Doch man lernt in dieser sehr gelungenen Schau auch andere Hotspots kennen. Beat Streuli zeigt ein fesselndes Foto- und Videopanorama von Istanbul. Die junge Candida Höfer entdeckte 1968 Liverpool für sich und schuf eine wunderbare Fotoserie. Tod Papageorge, Lee Friedlander und Gary Winogrand waren in New York unterwegs. Sogar Bonn war einmal ein Pflaster für Flaneure: August Macke hat sich von seinem Atelier aus auf die Lauer gelegt, Peter Piller unternahm als Künstler-Flaneur 2006 eine gut dokumentierte „Peripheriewanderung“ rund um Bonn.

Aber natürlich ist Paris die Nummer eins. Camille Pissarros Blick auf den überfüllten Boulevard Montmartre am Mardi Gras, Karnevaldienstag, im Sonnenuntergang, oder auf verschneite Alleen, oder Auguste Chabauds Pariser Nachtimpression vom Gare du Nord lassen nachvollziehen, warum Paris zum Mekka der Flaneure wurde.

Berlin als Gegenmetropole

Berlin erscheint in der Schau als Gegenmetropole: härter, widersprüchlicher.
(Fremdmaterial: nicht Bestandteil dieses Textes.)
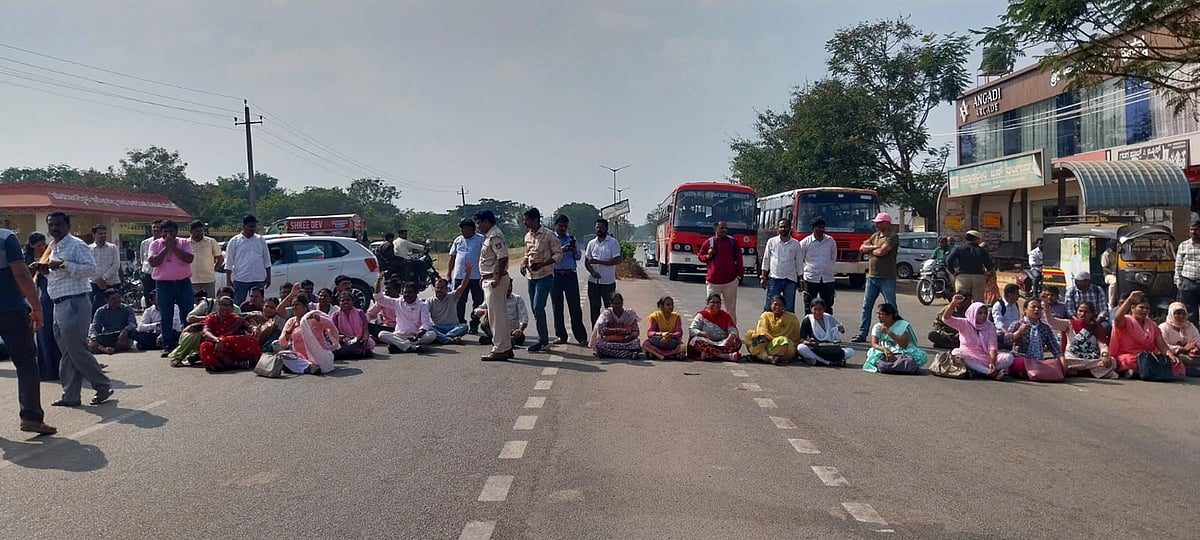 ಗದಗ | ಪ್ರಣಾಳಿಕೆ ದಹಿಸಿ ಸರ್ಕಾರದ ವಿರುದ್ಧ ಆಕ್ರೋಶ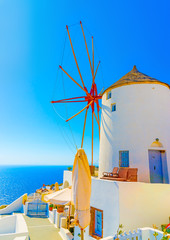 Vue imprenable sur la mer, y compris un ancien moulin à vent traditionnel illustré à Oia, le plus beau village de l& 39 île de Santorin en Grèce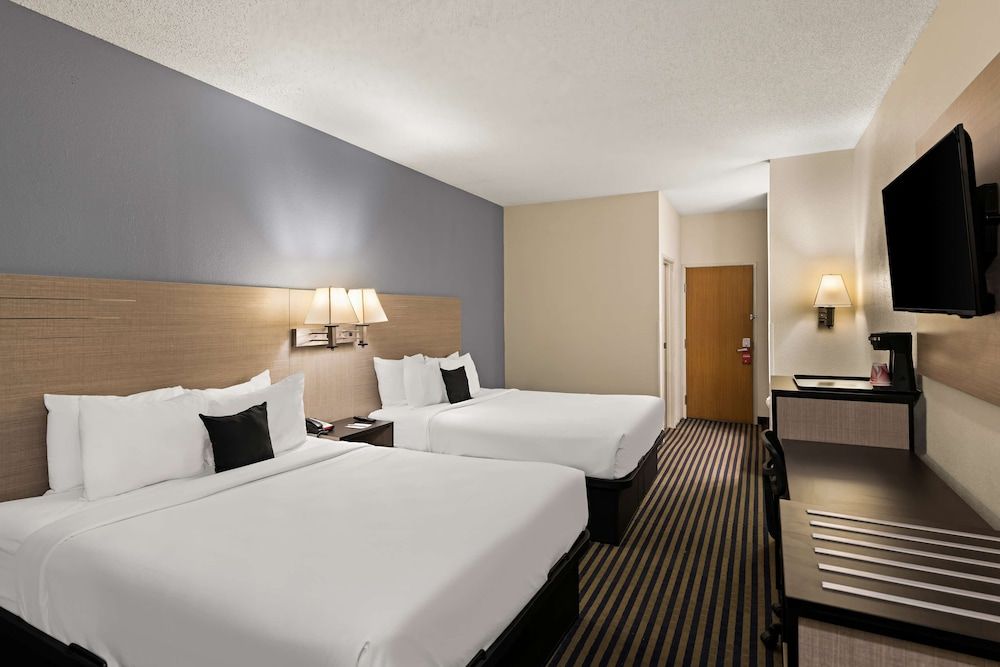 Red Lion Inn & Suites Gretna Room, 2 Queen Beds, Non Smoking 4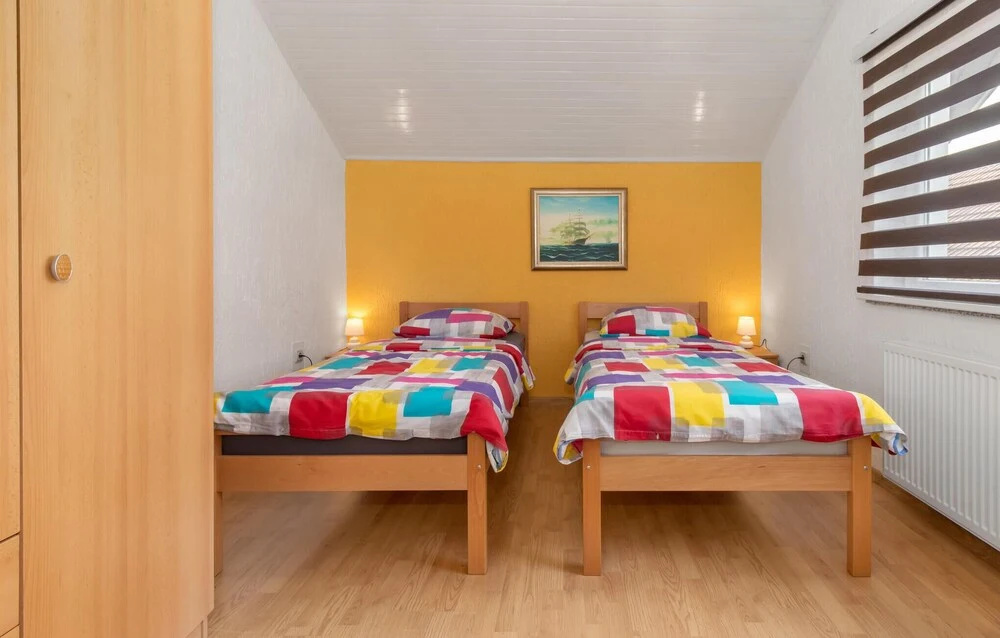 Beautiful Apartment in Otocac With Wifi and 2 Bedrooms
Zwar malte Lovis Corinth mit der lockeren Hand eines späten Impressionisten den Boulevard Unter den Linden, doch Kirchners Kokotten, die Fratzen von George Grosz, Rudolf Schlichters dumpfe Flaneur-Karikaturen, Ludwig Meidners düstere, aggressive Schattenspiele sowie Karl-Horst Hödickes apokalyptische Szenerie rund um den Bahnhof Zoo zeigen die Kehrseite der Idylle.

Und was macht der moderne Flaneur? Folgt man dem Fotokünstler Thomas Struth, geht er ins Museum, etwa ins Art Institute of Chicago, um sich in Gustave Caillebottes Ikone aller Flaneurbilder, „Paris im Regen“, zu vertiefen. Das berühmte Bild konnte nicht ausgeliehen werden, kam aber durch Struths Großfoto nach Bonn, wo es mit Ansichten der Pariser Rue Aubert, um 1890, und vom Potsdamer Platz (1925) die Schau eröffnet.

Der moderne Flaneur liebt das vermeintlich Abgründige wie Jeff Wall, der in seinem Großfoto die unfreiwillige nächtliche Begegnung zweier Passanten im Blitzlicht zum Krimi gefrieren lässt. Der Flaneur sieht die Welt kleinteilig und zersplittert mit Corinne Wasmuths verpixelter Malerei, begibt sich wie Johanna Steindorf per „Google View“ auf die Suche, fährt wie Christoph Rütimann mit der der Kamera die Geländer der Metropole London entlang. Flanieren bleibt eine Leidenschaft, das Entdecken eine menschliche Notwendigkeit. Man wünscht der ambitionierten Bonner Schau sehr viele Kunstflaneure.